About this task = Starting at the line that contains "XKIN Beauty Queen" and ending at the final line of the entries below, write out each line exactly as it appears, but omit the pictures.

Exercise data =
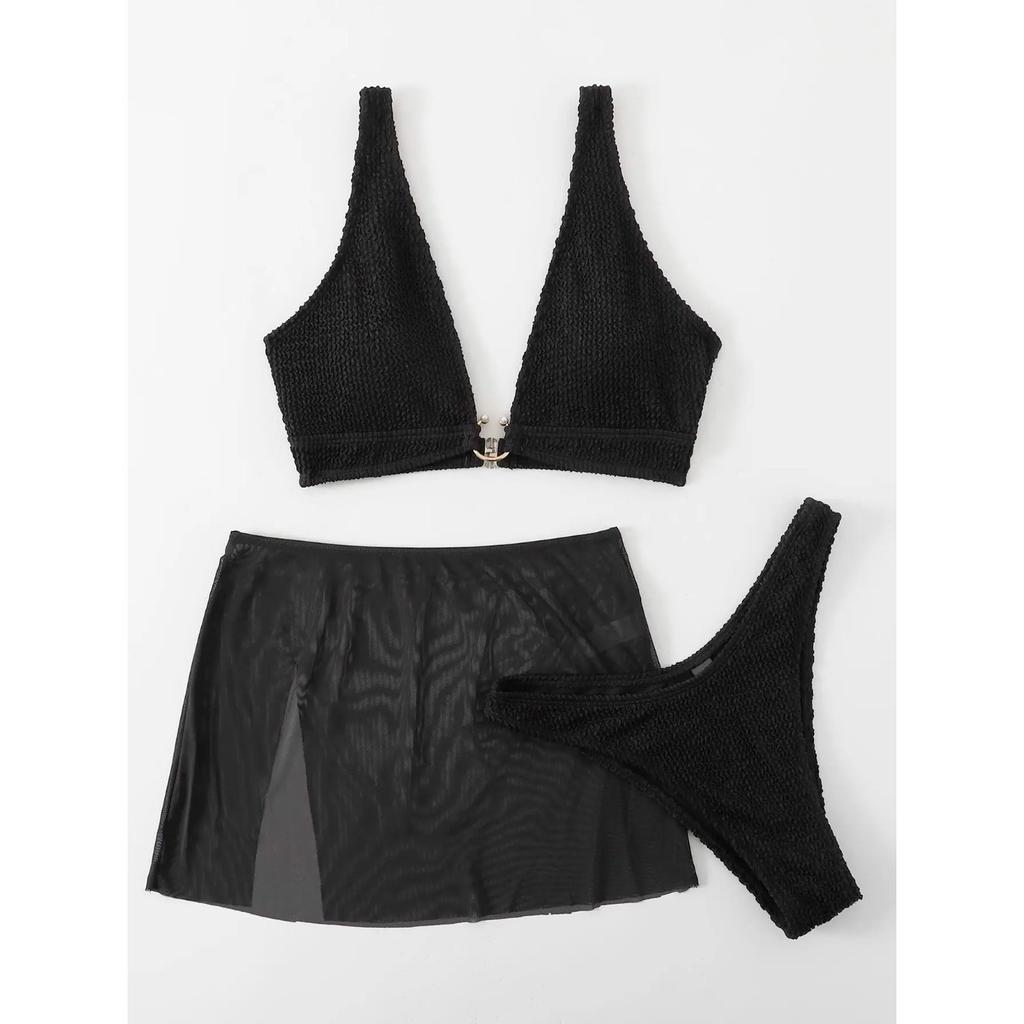 3 Pieces U-ring High Cut Bikini Swimsuit & Split Thigh Beach Skirt Swimwear Women 2024 Bathers Bathing Swimming Suit Female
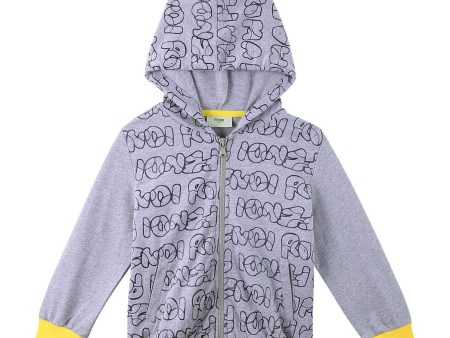 Boys Grey Cotton Printed Trims Zip-up Tops With Yellow Cuffs Online now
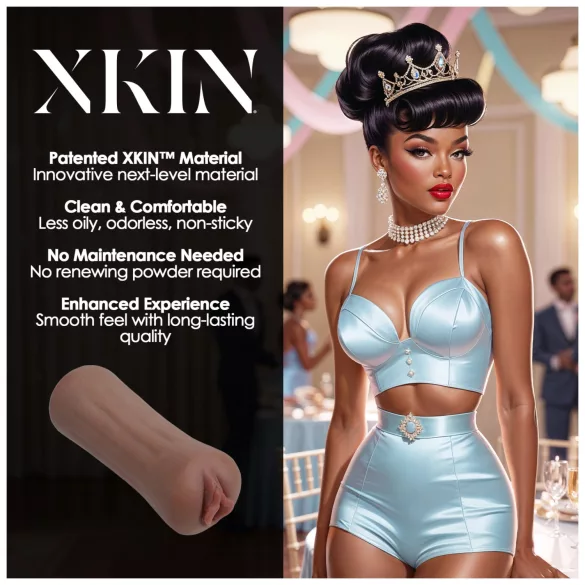 XKIN Beauty Queen Lulu - levensechte kunstvagina‑masturbator (donker natuurkleur)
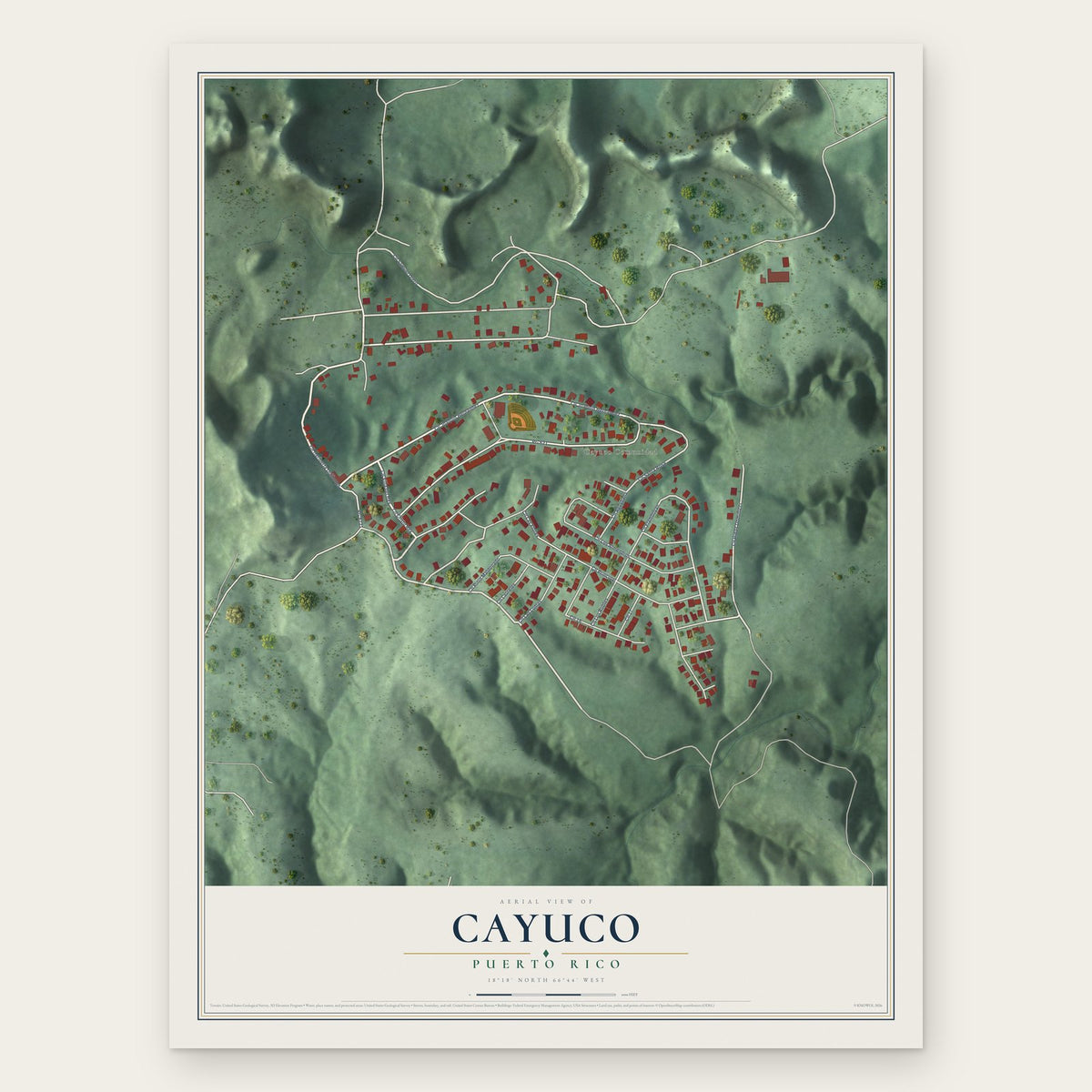 Cayuco, Puerto Rico map print, the full design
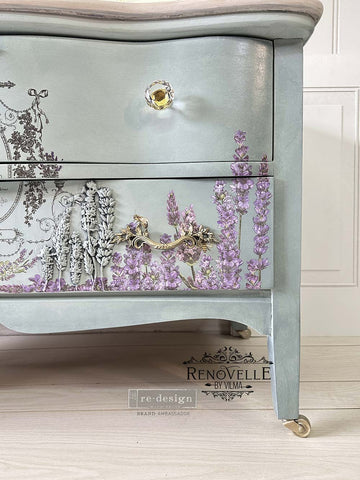 Gray green dresser with Lavender Harver Decor moulds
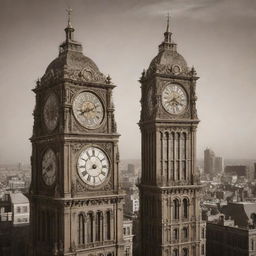 Visualize a city filled with clockpunk skyscrapers. Majestic towers adorned with ornate clock faces, gear motifs, and pendulums, brought to life by chiming bells and whirring springs. They stand tall against a sepia-toned vintage sky.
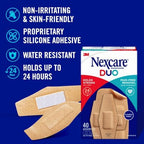 Nexcare Duo Bandages, Painless Removal, Strong Adhesive Bandages Stay on for 24 Hours, Flexible Fabric Construction - 100 Pack Assorted Sizes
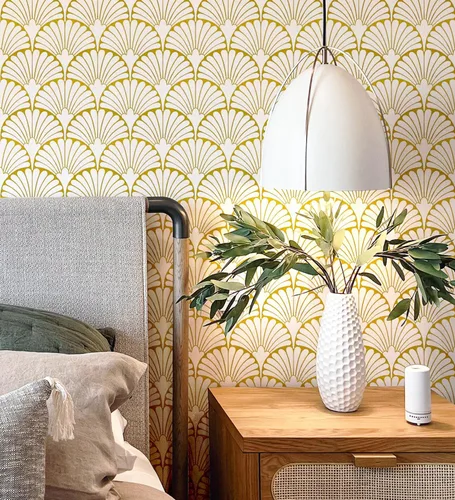 Miniatura 8 de MelunMer Papel tapiz dorado para despegar y pegar, papel adhesivo dorado bohemio para gabinetes, autoadhesivo, extraíble, para dormitorio/baño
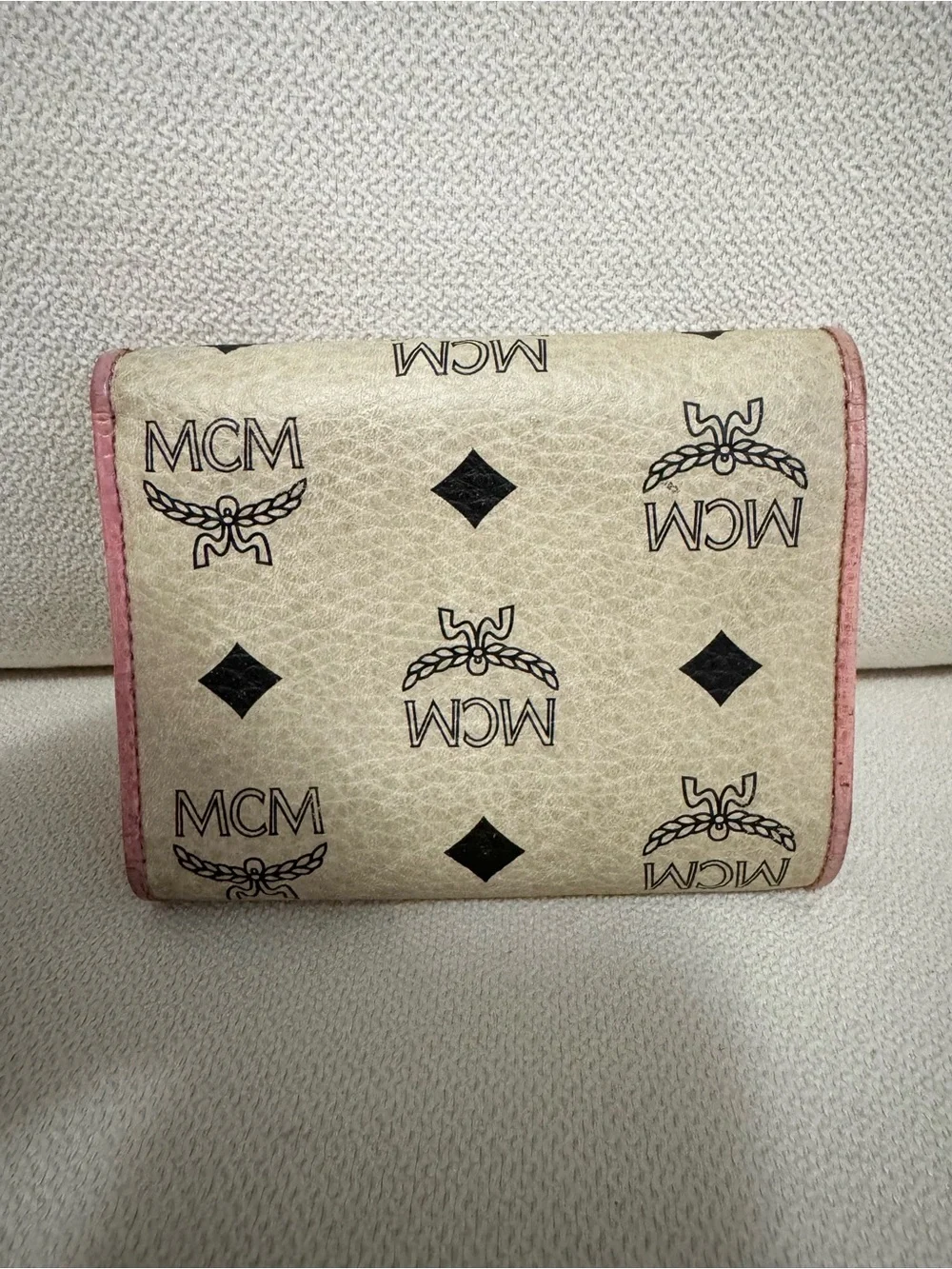 Vintage MCM Visetos Trifold Wallet — Pink & Purple Colorblock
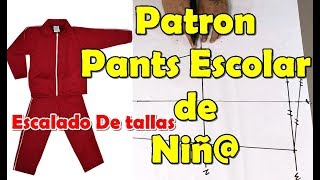 Curso patronaje Pants Escolar Niñ Escolar Y Escalado De Tallas cursodepatronaje [upl. by Nertie152]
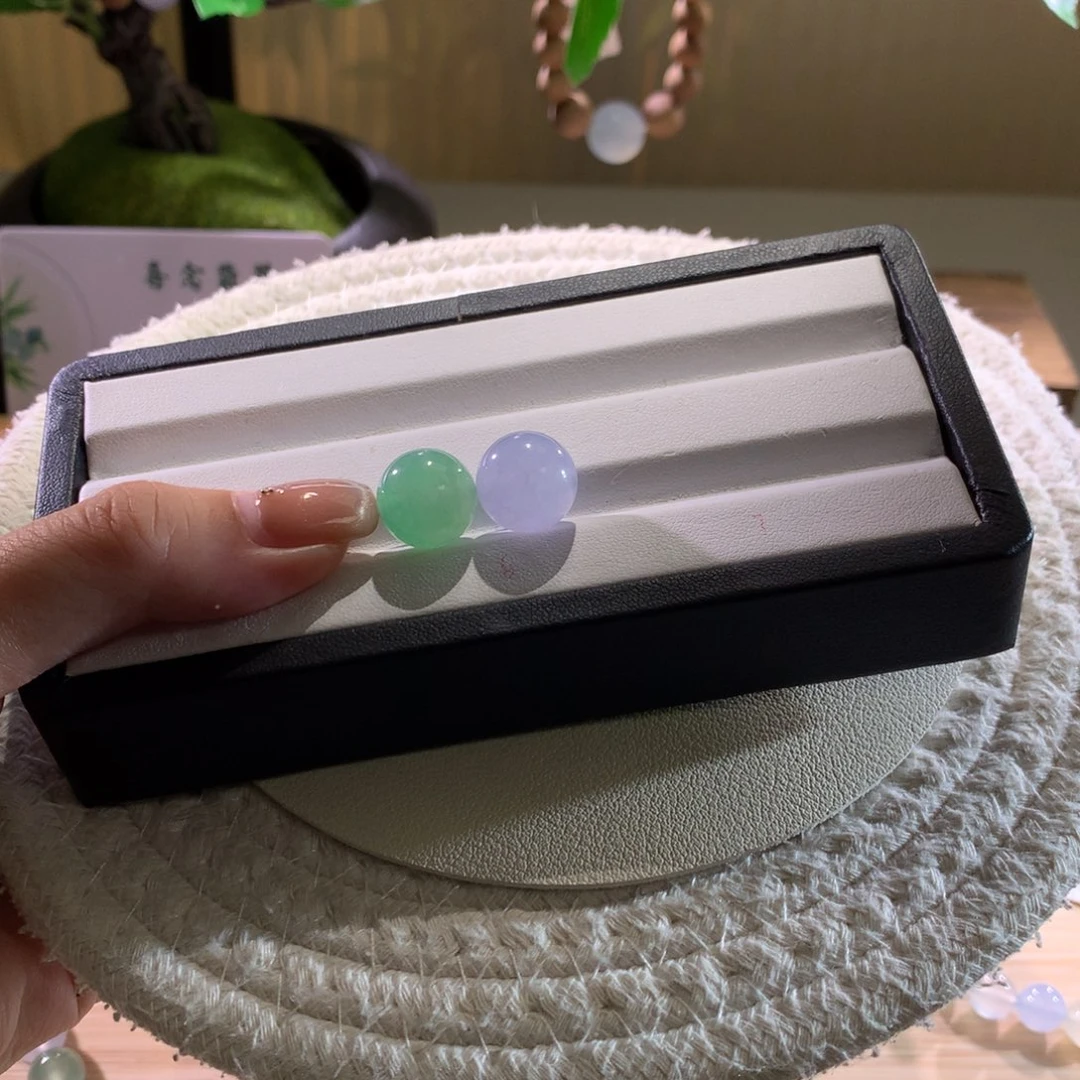 散珠翡翠天然缅a糖果色珠两颗13左右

Answer area =
 XKIN Beauty Queen Lulu - levensechte kunstvagina‑masturbator (donker natuurkleur)
 Cayuco, Puerto Rico map print, the full design
 Gray green dresser with Lavender Harver Decor moulds
 Visualize a city filled with clockpunk skyscrapers. Majestic towers adorned with ornate clock faces, gear motifs, and pendulums, brought to life by chiming bells and whirring springs. They stand tall against a sepia-toned vintage sky.
 Nexcare Duo Bandages, Painless Removal, Strong Adhesive Bandages Stay on for 24 Hours, Flexible Fabric Construction - 100 Pack Assorted Sizes
 Miniatura 8 de MelunMer Papel tapiz dorado para despegar y pegar, papel adhesivo dorado bohemio para gabinetes, autoadhesivo, extraíble, para dormitorio/baño
 Vintage MCM Visetos Trifold Wallet — Pink & Purple Colorblock
 Curso patronaje Pants Escolar Niñ Escolar Y Escalado De Tallas cursodepatronaje [upl. by Nertie152]
 散珠翡翠天然缅a糖果色珠两颗13左右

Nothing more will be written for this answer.